Saya sempat penasaran sebagus apa film ini sampai disebut-sebut sebagai salah satu film terbaik yang tidak pernah bosan ditonton. Dari menit ke menit setelah saya menontonnya, barulah saya menyadari betapa film ini memang layak mendapat sebutan tersebut.

Berbagai penghargaan diborong oleh film ini menjadi bukti akan kualitasnya, di antaranya adalah Best Film, Best Animasi, Japanese Movie Fan’s Choice, Yujiro Ishihara Award, Picture of The Year dari 21st Japan Academy dan masih banyak lagi penghargaan lainnya. Miyazaki sendiri memboyong penghargaan atas karyanya tersebut, salah satunya adalah untuk kategori Best Director.
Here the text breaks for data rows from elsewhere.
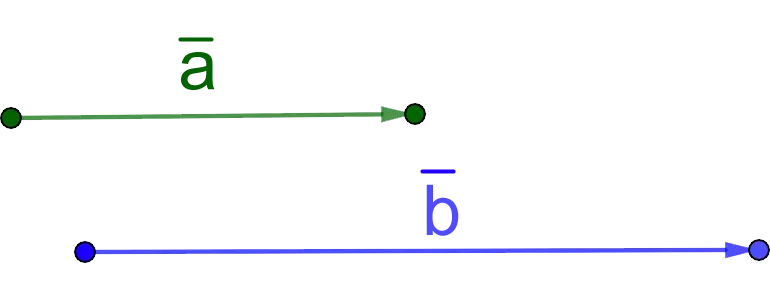 What is a vector: definition, designation, types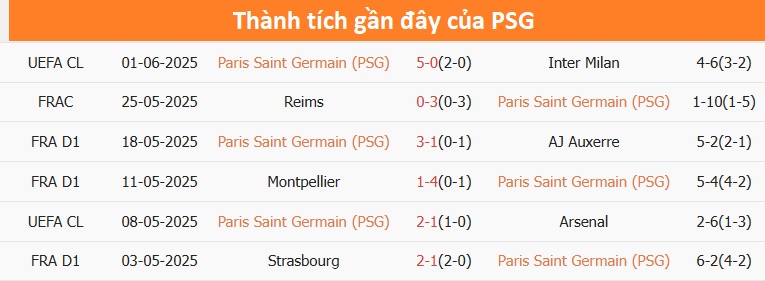 Soi Kèo PSG Vs Atletico Madrid, 2h00 Ngày 16/6/2025
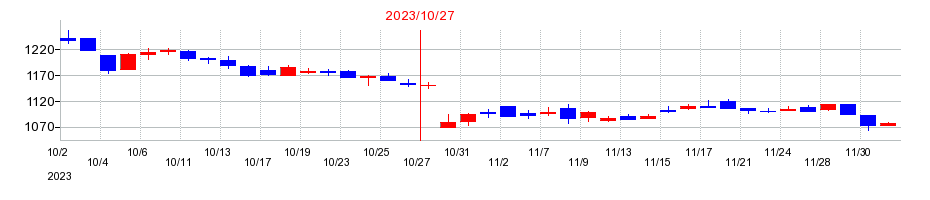 2023年のファースト住建の配当落ち日前後の株価チャート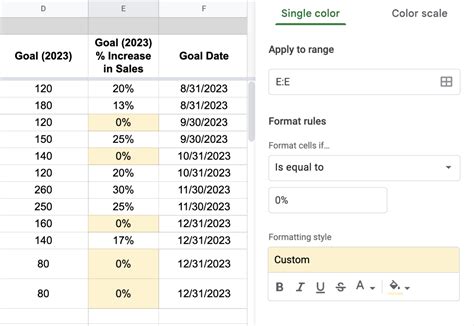 Conditional Formatting Google Sheets Complete Guide - Ponasa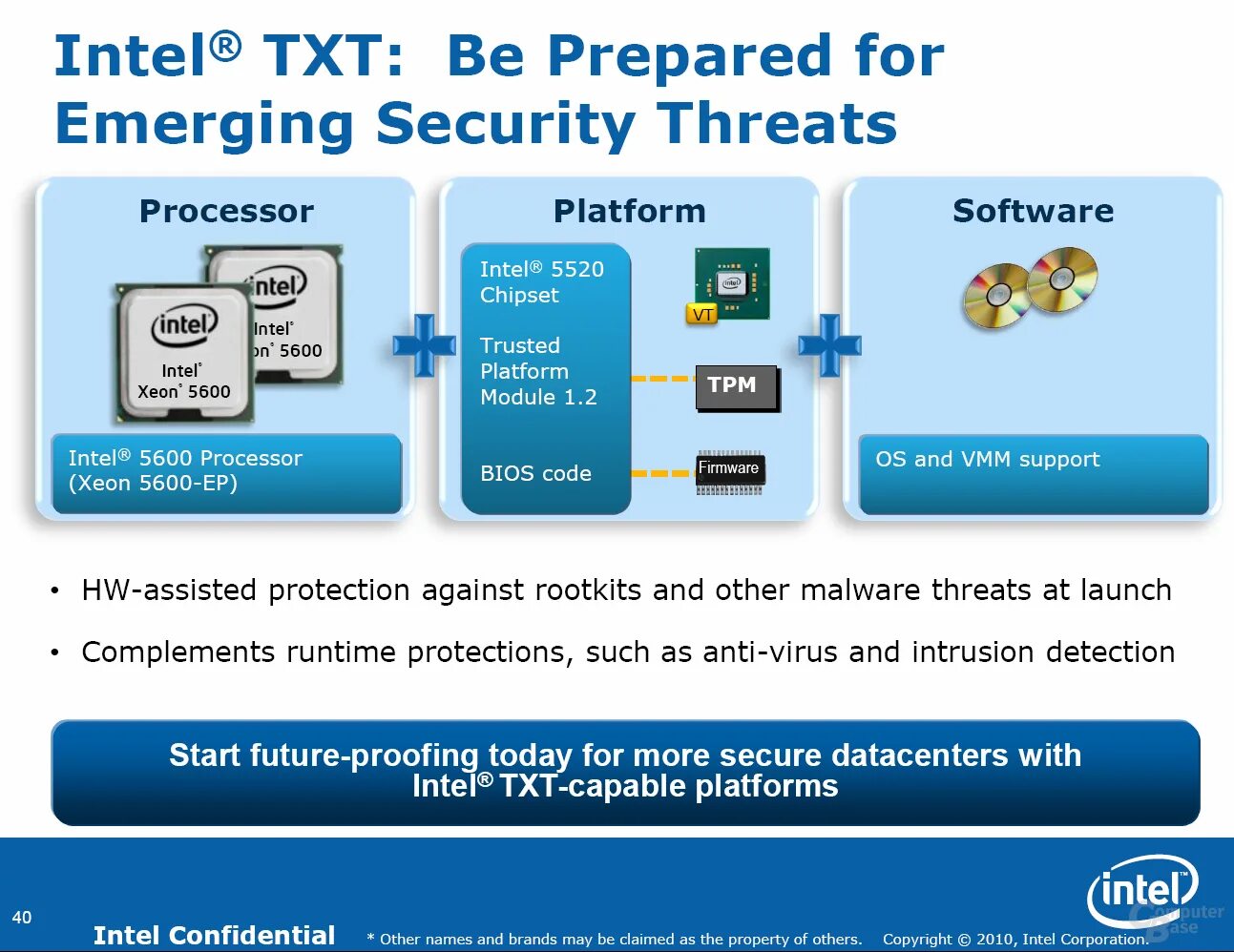 Intel trusted execution interface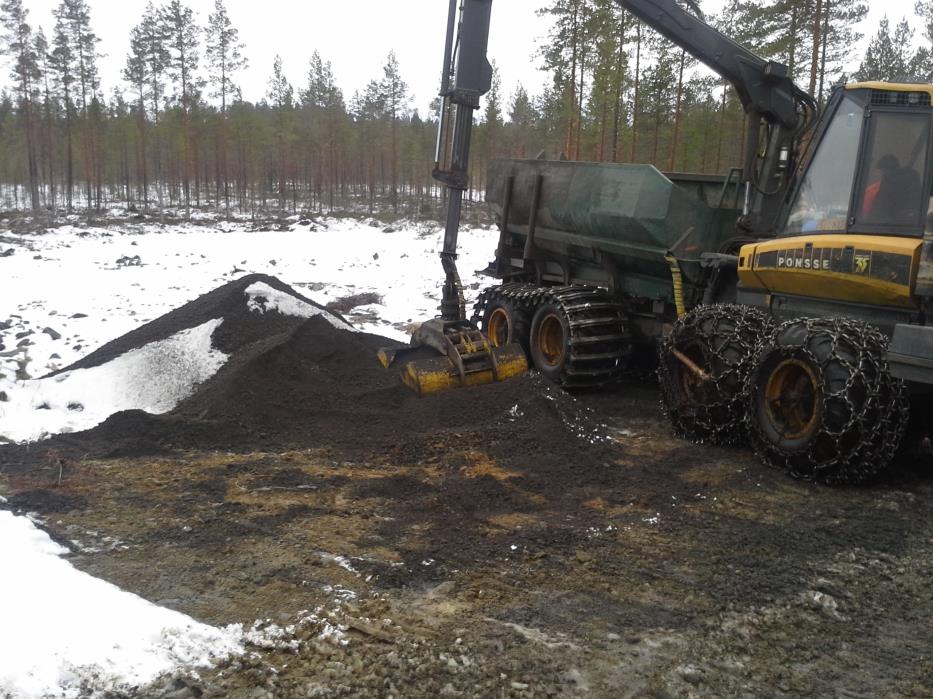 yhteishankkeiden järjestäminen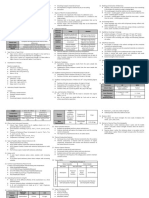 Analytical Chemistry Cheat Sheet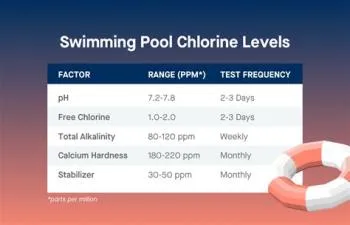 Is a chlorine level of 7 safe?
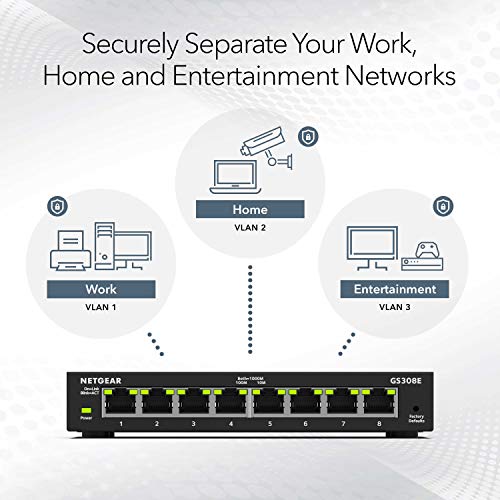 NETGEAR 8-Port Gigabit Ethernet Plus Switch (GS308E) - Image 5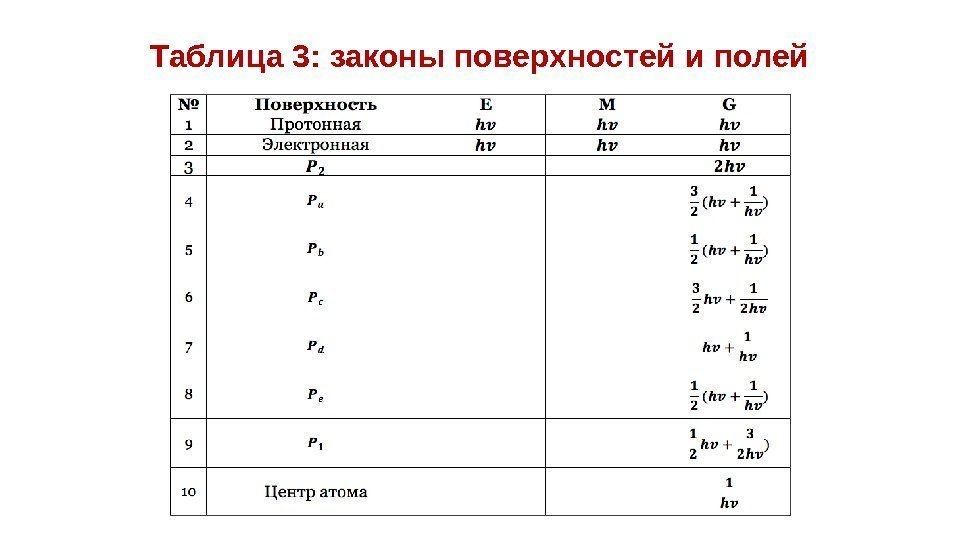 Таблица 3: законы поверхностей и полей 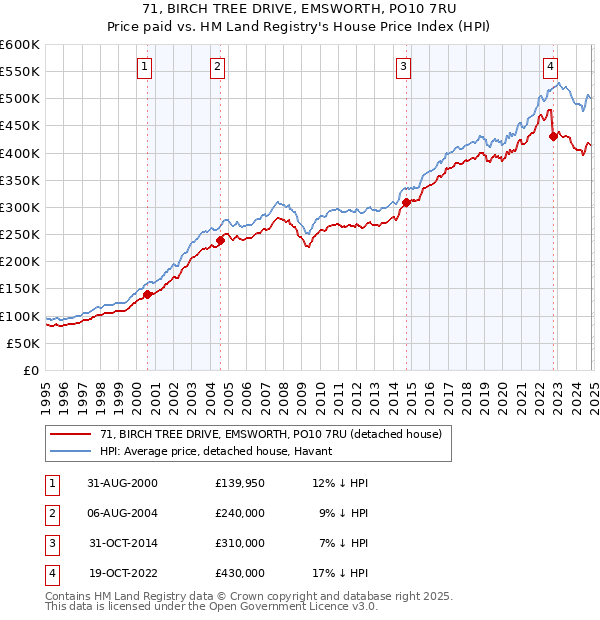 71, BIRCH TREE DRIVE, EMSWORTH, PO10 7RU: Price paid vs HM Land Registry's House Price Index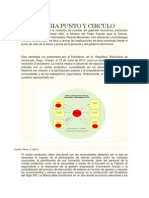 Venezuela y La Estrategia Punto y Circulo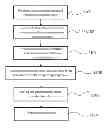 Fig. 01 - Method for fabricating graphene
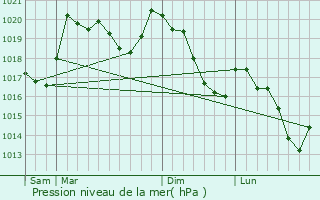 Graphe de la pression atmosphrique prvue pour Caudis-de-Fenouilldes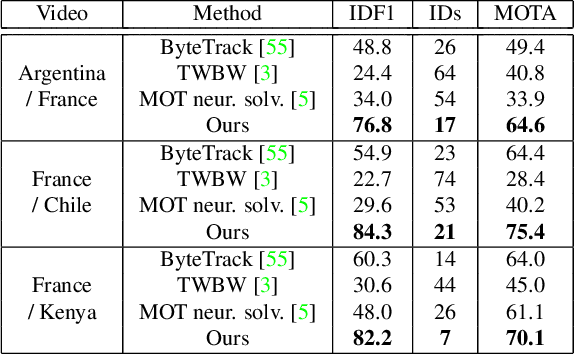 Figure 2 for Efficient tracking of team sport players with few game-specific annotations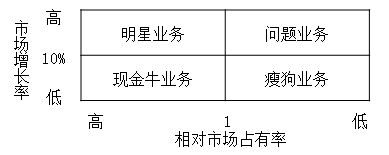 波士頓矩陣基本原理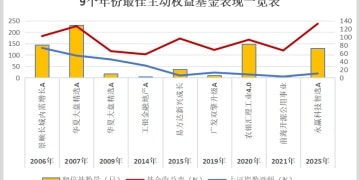 236.88% 公募基金年度收益新纪录！翻倍基已达72只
Poin-poin yang penting yang ingin disampaikan oleh Miyazaki melalui film besutannya tersebut dikemas dengan cara yang unik dan selalu segar. Itulah kenapa Princess Mononoke selalu bikin kangen dan seru ditonton ulang. Tahun 2017, Princess Mononoke pertama kali ditayangkan di Indonesia pada minggu pertama bulan Agustus.

Film ini mendapat sambutan hangat dari para penonton khususnya penggemar film keluaran Studio Ghibli. Nah, kalau tahun ini kamu menonton ulang Princess Mononoke, kamu akan makin tersadar betapa film ini dibuat dengan sangat baik dengan memperhatikan detail dan alur yang ‘ngena’ dengan situasi terkini.